Même son de cloche du côté de Lambert, qui estime pour sa part que seuls quelques joueurs exceptionnels sont prêts à amorcer leur parcours dans la Ligue nationale de hockey (LNH) dès 18 ans.

Il n’hésite pas à mettre en garde face à un possible scénario à la Jesperi Kotkaniemi. Le Finlandais avait amorcé la saison 2018-2019 à Montréal après avoir entendu son nom au troisième échelon de l’encan amateur, quelques semaines plus tôt. Il a jusqu’ici été limité à 91 points en 237 parties en carrière.

«Personnellement, je crois qu’il n’y a pas de gars de 18 ans prêts à jouer, excepté Sidney Crosby, Bobby Orr, Connor McDavid; ce sont des exceptionnels, ces gars-là, a fait valoir Lambert, qui a lui-même eu besoin de trois ans dans les ligues mineures avant de rejoindre le Canadien en 1973-1974.

«[Slafkovsky], vu qu’il est gros et fort, quand les parties sérieuses vont commencer, il va se faire [brasser], c’est sûr, sûr.

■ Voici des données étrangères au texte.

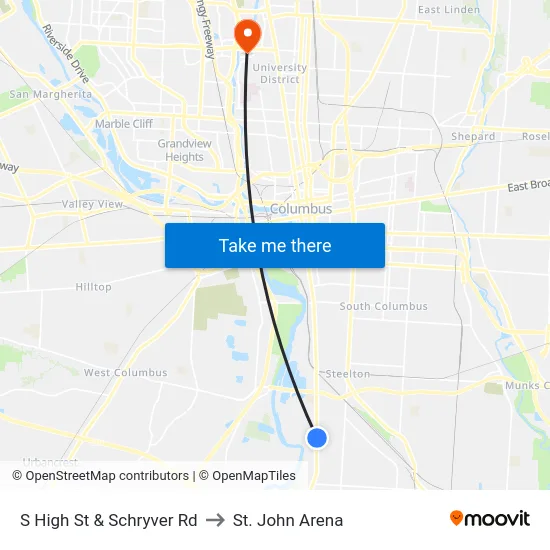 S High St & Schryver Rd to St. John Arena map
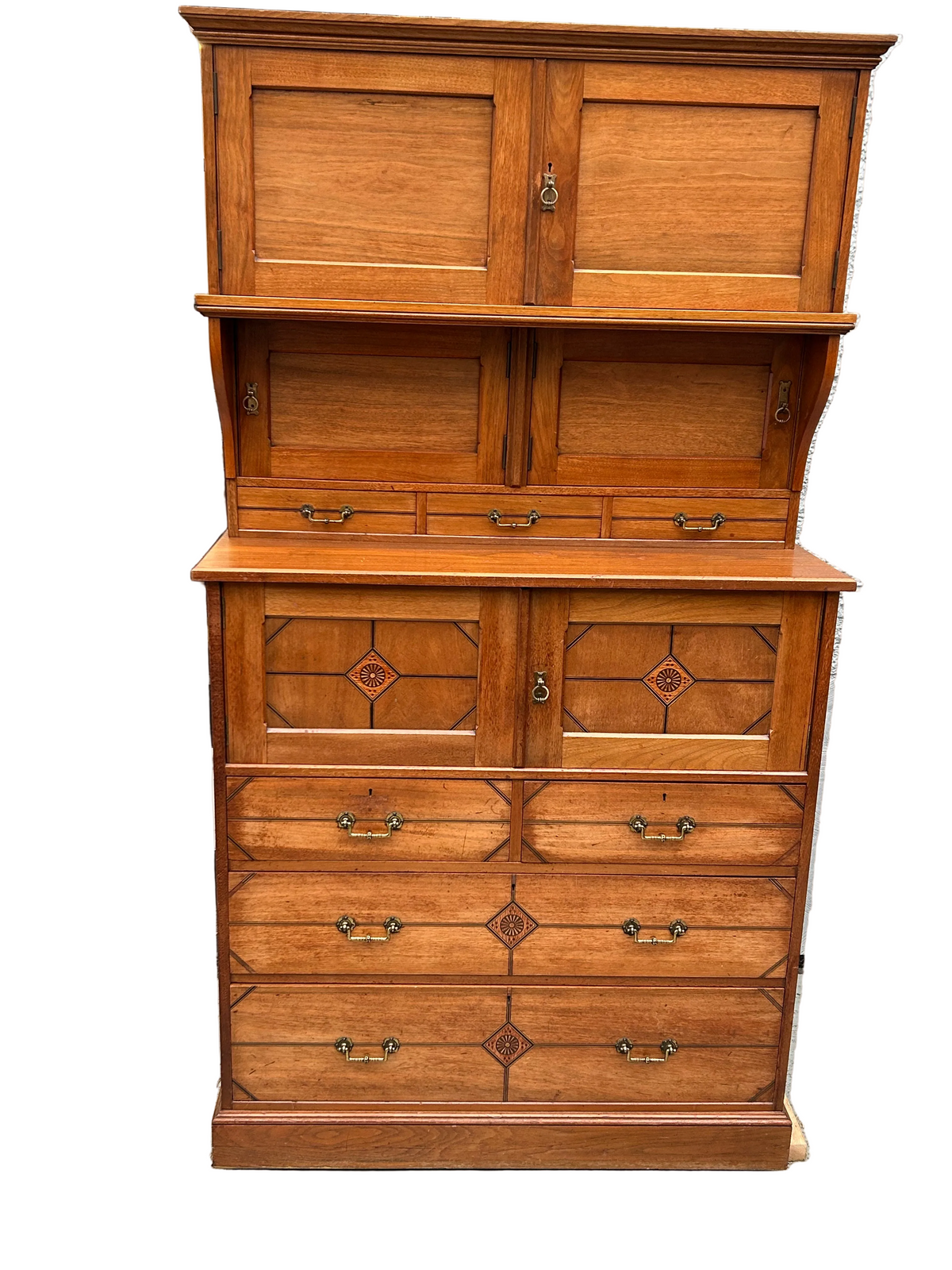 Aesthetic movement 3 Tier Storage Cabinet by H Ogden of Manchester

Tu peux lui nuire [en le faisant jouer dans la LNH s’il n’est pas prêt]. Ils l’ont fait avec Kotkaniemi. Il était censé avoir une carrière extraordinaire et finalement, il se débrouille et c’est tout.»

Approuvé par les Devils

Mondou, quant à lui, était jusqu’à tout récemment recruteur pour les Devils du New Jersey. Il a donc participé à plusieurs discussions en vue du repêchage et il a révélé que Slafkovsky était très apprécié à Newark. S’il refuse de parler à la place de ses anciens patrons, il croit que le Slovaque aurait aussi été le choix des Devils.

«Nos gars en Europe l’adoraient, a-t-il avancé. Ils ont dit que c’était réellement un bon choix du Canadien. Ils disent que ce n’est pas un gars super flamboyant, mais tellement, tellement efficace, une bonne tête de hockey, de bonnes décisions. Et pour sa grosseur, c’est un bon patineur.»

Sur la possibilité de le voir évoluer avec le Rocket de Laval, Mondou tergiverse. «C’est rare [un premier choix dans les mineures], a-t-il expliqué. Mais il faut être patient, il n’y a pas d’autres options.»